Just turn it down. Set it to like 512mb for both. Then if something needs it, it can use it. I have not run into any app that explicitly needed one, but if you want to be safe, then that is what I would do. I personally don't use one on my machines at home...
 
If you have 2 hd's. put the page file on the slave. I have two gigs PC3200 and I set my page file at 2mb-1024mb. I keep a running page file log. It is almost never accessed and the log only shows access minimally when my SATA master is heavy defragmented (which I do not understand???). Your page file, in any case, is going to be very lonely! :)
 
No, you get best performance with a large page file. there is actually an equation that is somewhere on the MS website that will determine the optimal page file usage. Windows thrives on virtual memory, and the page file controls that, so you want to keep it. Even with 1.5 gigs of RAM, it will only be detrimental to performance without a page file.
 
I'd recommend keeping the page file. But keep it static at around 512MB (considering the amount of RAM you will have). If you have an adjustable page file (like the 2MB-1024MB one mentioned above), then the system will slow down when it needs to resize it according to its usage. Set the parameters to 512MB-512MB and it will remain one fixed size, thus not needing to be resized.

TMT. :cool:
 
You do not neccesarily *need* a page file. There are a lot of complicated things that go into determining page file performance. For instance, theoretically, adding physical memory can sometimes increase paging, as unbelievable as that is. (If you don't believe that I can demonstrate it, its in every CS textbook) You should use whatever settings work best for you.
 
Well the equation is a matter of how much physical RAM you have and your HDD empty space, so yes, that makes perfect sense.
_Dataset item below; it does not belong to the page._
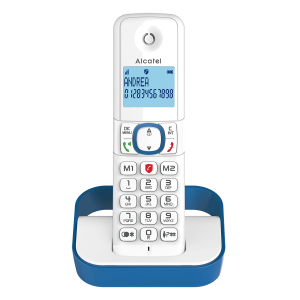 selected sku image thumbnail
But Windows uses that page file, it needs it, turn off the paging file and see how windows runs.
 
Well remember paging was originally implemented to solve the problem of computers not being able to fit executables in main memory and thus not being able to run them.

The theoretical case I was talking about was not something you'd see in daily use, or even maybe hardly ever if at all. It was just something proved long ago (by Dijkstra I think) that demonstrated that page fault frequency can go *up* sometimes, when physical memory is added to the system. Theres a whole host of other factors involved...
 
HIM, It runs great.
The page file is not a necessity. It's nice on low memory systems, but not needed as much on higher memory systems. Windows can only deal with 4 gbs of memory at any one time, unless you are running server, so there isn't a point to using it if you have say 1.5 to 2.0 gbs of Ram.

You should try it and see how you do. On low memory, it's worse, on high memory, there is no difference. you just save disk space/access.
 
Inaris is correct. In my setup, if I were to run on 32 bit windows with a page file equal in size to my physical ram, I would be at the absolute limit of addressable virtual memory anyway. Besides, 32-bit Windows performance is craptacular with >2GB addressable memory, really, because of the way it partitions the memory into two 1GB halves.